Consider for a free particle (i.e., \(V(x)=0\)) moving in one dimension.

- Demonstrate that \(\sin (kx)\), \(\cos (kx)\), and \(e^{\pm ikx}\) are indeed eigenfunctions of \(\hat{H}\).
- What are their corresponding eigenstates?
- What are the energies not quantized?

**Approach**-
To demonstrate that a function is indeed a specific eigenfunction \(f(x)\) of an operator \(\hat{O}\), we have to ask if this Eigenvalue equation is correct, i.e., \[ \hat{O} f(x) = \lambda f(x) \label{Eigen1}\] where \(\lambda\) is the eigenvalue associated with that eigenfunction associated with the operator. Change the operator and the eigenfunctions and eigenvalues will change. Change the eigenfunction and the eigenvalue will change. They are all connected like the Mufasa's "Circle of Life."

**Solution a**-
Let's take the \(\sin (kx)\) function and the Hamiltonian operator (Equation \ref{H2}) and insert it into Equation \ref{Eigen1} and is if the equality is ensured. Keep in mind that any value of \(lambda\) will work as long as it is a constant.

\[ - \dfrac{\hbar^{2}}{2m}\dfrac{d^{2}}{dx^2} \sin (kx) \overset{?}{=} \lambda \sin (kx) \label{Eigen1A}\]

first step in evaluating the 2nd derivative

\[ - \dfrac{\hbar^{2}}{2m} k \dfrac{d }{dx} (\cos (kx)) \overset{?}{=} \lambda \sin (kx) \label{Eigen1B}\]

and second step

\[ + \dfrac{\hbar^{2}}{2m} k^2 (\sin (kx)) \overset{?}{=} \lambda \sin (kx) \label{Eigen1C}\]

This equation is confirmed when

\[\lambda = + \dfrac{\hbar^{2} k^2}{2m} \]

Which makes sense when compared to Equation \ref{5} since the Hamiltonian gives the total energy \(E\).

**Solution b**-
As shown in the Solution a, the Eigenvalue equation is confirm to be correct for all \(\sin (kx)\) functions (so they are eigenfunctions of the Hamiltonian) and the eigenvalues are \[\lambda = + \dfrac{\hbar^{2} k^2}{2m} .\] Eigenvalues can be positive, negative, real, imaginary and complex and all of the above.

**Solution c**-
Since any value of \(k\) is allowed in the \(\sin (kx)\) eigenfunctions (i.e., the Eigenvalue equation holds for all values of \(k\)), then there is no quantization.

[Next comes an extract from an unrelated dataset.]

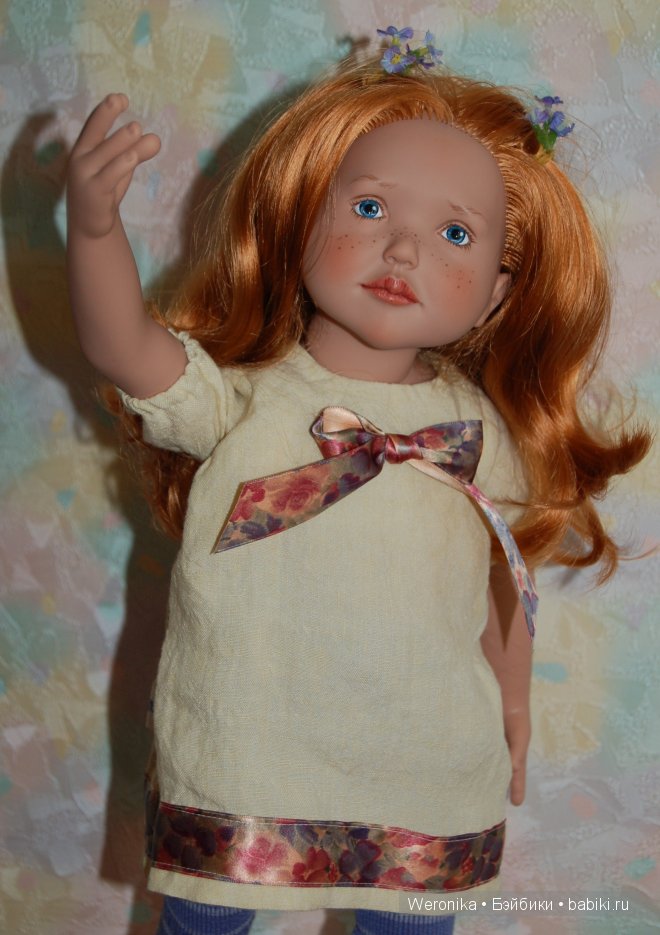 Моя Танюша! Рыжее солнышко от Zwergnase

We need boundary conditions to force the quantization like with the Bohr hydrogen atom.

Consider for a free particle (i.e., \(V(x)=0\)) moving in one dimension.

- Demonstrate that \(\cos (kx)\) and \(e^{\pm ikx}\) are eigenfunctions of \(\hat{H}\).
- What are their corresponding eigenstates?
- Is momentum quantized for a free particle?

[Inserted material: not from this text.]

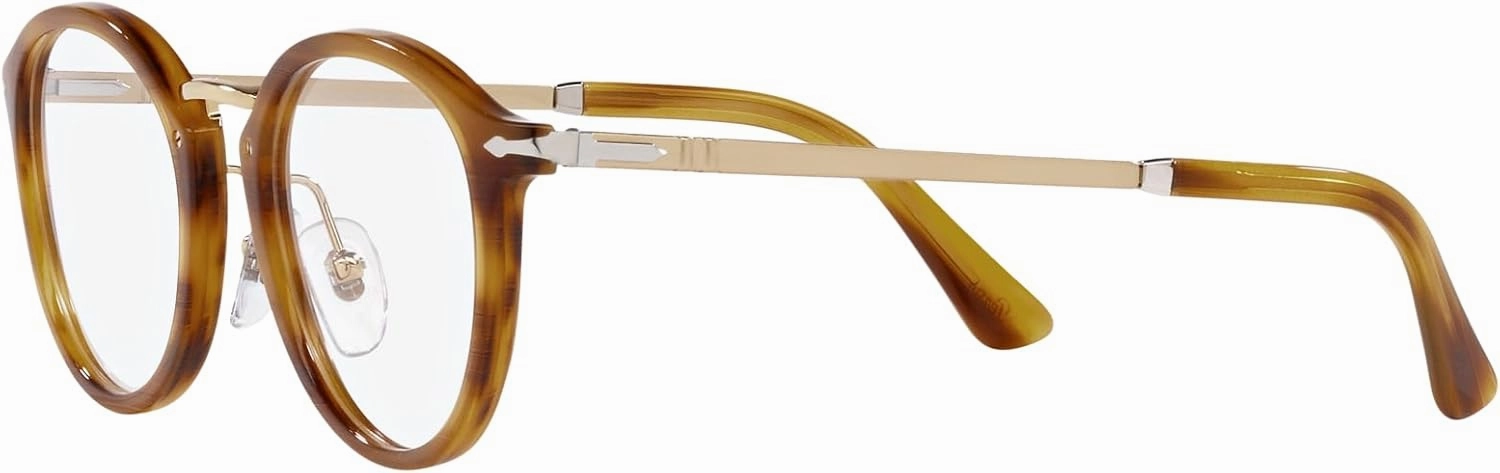 Persol Po3309v Round Prescription Eyewear Frames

It is of interest also to consider the x-component of linear momentum for the free-particle solutions (Equation \ref{4}). The eigenvalue equation for momentum is

\[\hat{p}_{x}\psi (x)=-i\hbar\dfrac{d\psi (x)}{dx}=p\psi (x)\label{6}\]

where we have denoted the momentum eigenvalue as \(p\).

It is easily shown that neither of the functions \(\sin kx\) or \(\cos kx\) from Equation \ref{4} is an eigenfunction of \( \hat{p}_{x}\). However, \(e^{\pm ikx}\) are both eigenfunctions with eigenvalues \(p=\pm\hbar k\), respectively. Evidently the momentum \(p\) can take on any real value between -\(\infty\) and +\(\infty\). The kinetic energy, equal to \(E=p^2/2m\), can correspondingly have any value between 0 and +\(\infty\).

A free particle, even in quantum mechanics, can have any non-negative value of the energy

Consider for a free particle (i.e., \(V(x)=0\)) moving in one dimension.

- Demonstrate that \(e^{\pm ikx}\) are eigenfunctions of \(\hat{p}_{x}\).
- What are their corresponding eigenstates?

Show that neither \(\sin kx\) nor \(\cos kx\) are eigenstates of \(\hat{p}_{x}\) for a free particle (i.e., \(V(x)=0\)) moving in one dimension.

## Superpositions

The functions \(\sin kx\) and \(\cos kx\), while not eigenfunctions of \(\hat{p}_{x}\), are each *superpositions* of the two eigenfunctions \(e^{\pm ikx}\), by virtue of the trigonometric identities

\[\cos (kx)=\dfrac{1}{2}(e^{ikx} +e^{-ikx})\]

and

\[\sin(kx)= \dfrac{1}{2i}(e^{ikx} -e^{-ikx})\label{7}\]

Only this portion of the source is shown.